Such a view was natural for them. Whether it shall seem natural to us depends on the fortunes of our civilization. On that subject we may leave the prophets to rave, and content ourselves with the observation that there are parts of Europe to-day in which many a man must feel himself in the position of Roland fighting the Saracens or Aëtius against the Huns. As for ourselves, however confident we may feel, we shall be foolish to be over-confident; for we are fighting a battle that has no end. The Barbarian we shall have always with us, on our frontiers or in our own breasts. There is also the danger that the prize of victory may, like Angelica, escape the strivers’ hands. Already perhaps the vision which inspires us is changing. I am not concerned to attack the character of that change but to interpret the Greek conception of civilization, merely as a contribution to the problem. To the Greeks, then, civilization is the slow result of a certain immemorial way of living.
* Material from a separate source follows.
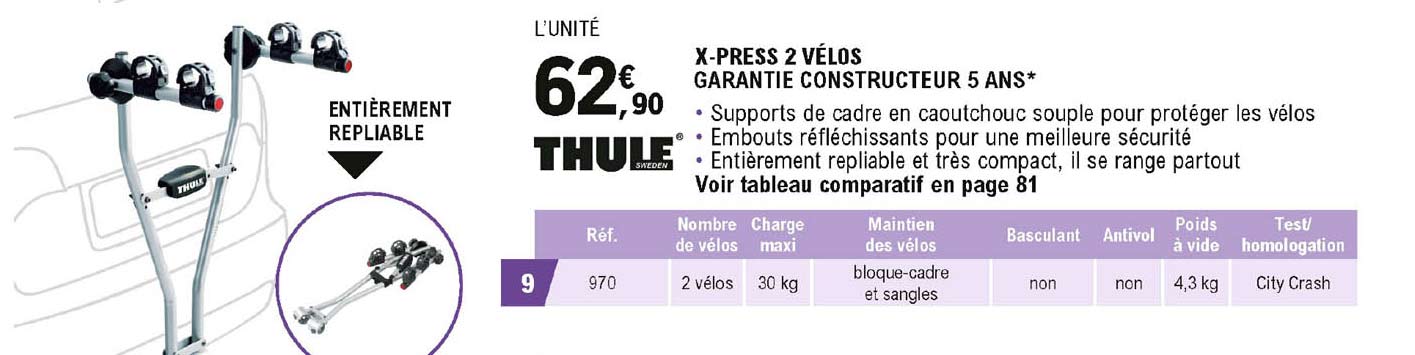 x-press 2 vélos thules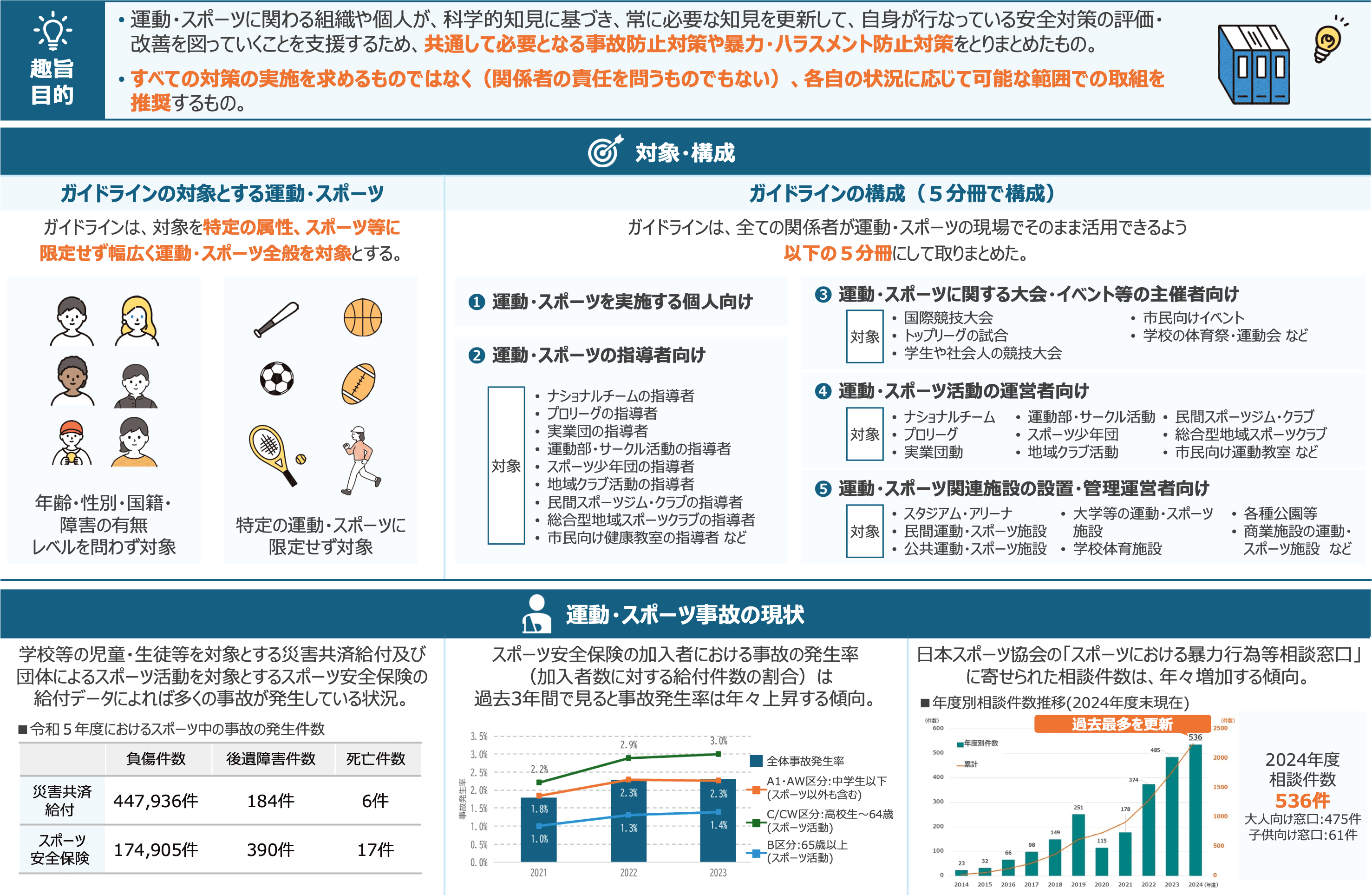 『運動・スポーツ中の安全確保対策の評価・改善のためのガイドライン（試行版）』の概要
You cannot get it up from books, or acquire it by imitation; you must absorb it and let it form your spirit, you must live in it and live through it; and it will be hard for you to do this, unless you have been born into it and received it as a birth-right, as a mould in which you are cast as your fathers were. “Oh, but we must be more progressive than that.” Well, we are not; on the contrary the Greeks were very much the most progressive people that ever existed—intellectually progressive, I mean of course; for are we not talking about civilization?
The Greek conception, therefore, seems to work. I think it works, and worked, because the tradition, so cherished as it is, is not regarded as stationary. It is no more stationary to the Greeks than a tree, and a tree whose growth they stimulated in every way. It seems a fairly common error, into which Mr. Belloc and Mr. Chesterton sometimes fall, for modern champions of tradition to over-emphasize its stability. There has always been the type of “vinous, loudly singing, unsanitary men,” which Mr. Wells has called the ideal of these two writers; he is the foundational type of European civilization. But it almost looks as if Mr. Belloc and Mr. Chesterton were entirely satisfied with him. They want him to stay on his small holding, and eat quantities of ham and cheese, and drink quarts of ale, and hate rich men and politicians, and be perfectly parochial and illiterate. But Hellenism means, simply an effort to work on this sound and solid stuff; it is not content to leave him as he is; it strives to develope him, but to develope him within the tradition; to transform him from an Aristophanic demesman into an Athenian citizen. But Mr. Belloc and Mr. Chesterton are Greek in this, that they have constantly the sense of fighting an endless and doubtful battle against strong enemies that would destroy whatever is most necessary to the soul of civilized men. _Well I know in my heart and soul that sacred Ilium must fall, and Priam, and the folk of Priam with the good ashen spear ... yet before I die will I do a deed for after ages to hear of!_
V
SOPHROSYNE
It needs imagination for the modern man to live into the atmosphere of ancient Greece. It ought not now to be so hard for us who have seen the lives and sanctities of free peoples crushed and stained. It should be easier for us to reoccupy the spiritual ground of Hellas, to feel a new thrill in her seemingly too simple formulas, a new value in her seemingly cold ideals. It is opportune to write about her now, and justifiable to write with a quickened hope. For all that, mental habits are the last we lose, and the habit of regarding our civilization as secure has had time to work itself deep into our minds. It has coloured our outlook, directed our tastes, altered our souls.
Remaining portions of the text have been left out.